We have acted as financial advisor to the Special Committee of the Board of Directors of LINE in connection with the Transaction and will receive a fee for our services from LINE a portion of which is payable upon the rendering of this opinion and a significant portion of which is contingent upon completion of the Joint Tender Offer and the LINE Squeeze-out (but if the LINE Squeeze-out is not completed by the end of December, 2020 after completion of the Joint Tender Offer, the Transaction Fee shall be payable on January 1, 2021). In addition, LINE has agreed to reimburse our expenses and indemnify us against certain liabilities arising out of our engagement.

We and our affiliates comprise a full service securities firm and commercial bank engaged in securities, commodities and derivatives trading, foreign exchange and other brokerage activities, and principal investing as well as providing investment, corporate and private banking, asset and investment management, financing and financial advisory services and other commercial services and products to a wide range of companies, governments and individuals. In the ordinary course of our businesses, we and our affiliates may invest on a principal basis or on behalf of customers or manage funds that invest, make or hold long or short positions, finance positions or trade or otherwise effect transactions in equity, debt or other securities or financial instruments (including derivatives, bank loans or other obligations) of LINE, ZHD, NAVER, SoftBank and certain of their respective affiliates.

We and our affiliates in the past have provided, currently are providing, and in the future may provide, investment banking, commercial banking and other financial services to LINE, ZHD, NAVER, SoftBank and their respective affiliates and have received or in the future may receive compensation for the rendering of these services, including having acted as (i) the Dealer Manager and Consent Solicitation Agent of an exchange offer and consent solicitation for SoftBank Group Corp’s 2015 Notes in March 2018, (ii) the Joint Global Coordinator of a US $3.3bn bond offering for Softbank Group Corp in April 2018, and (iii) International Active Joint Bookrunner for the initial public offering of SoftBank Corp. which listed and priced in December 2018.

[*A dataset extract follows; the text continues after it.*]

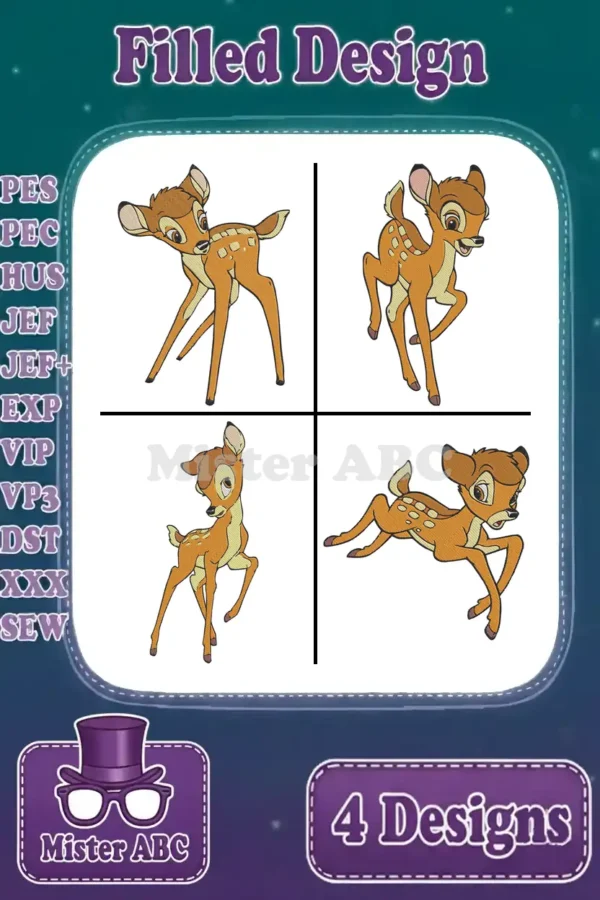 A vibrant display of four distinct Bambi embroidery designs in various charming poses, ready for digital download and crafting.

It is understood that this letter is for the benefit and use of the Special Committee of the Board of Directors of LINE (in its capacity as such) in connection with and for purposes of its evaluation of the Joint Tender Offer.

Our opinion is necessarily based on financial, economic, monetary, market and other conditions and circumstances as in effect on, and the information made available to us as of, the date hereof. It should be understood that subsequent developments may affect this opinion, and we do not have any obligation to update, revise, or reaffirm this opinion.

Based upon and subject to the foregoing, including the various assumptions and limitations set forth herein, we are of the opinion on the date hereof that the Consideration to be received in the Joint Tender Offer by holders of LINE Common Shares (other than SoftBank, NAVER Party and their respective affiliates) is fair, from a financial point of view, to such holders.

Very truly yours,

MERRILL LYNCH JAPAN SECURITIES CO., LTD.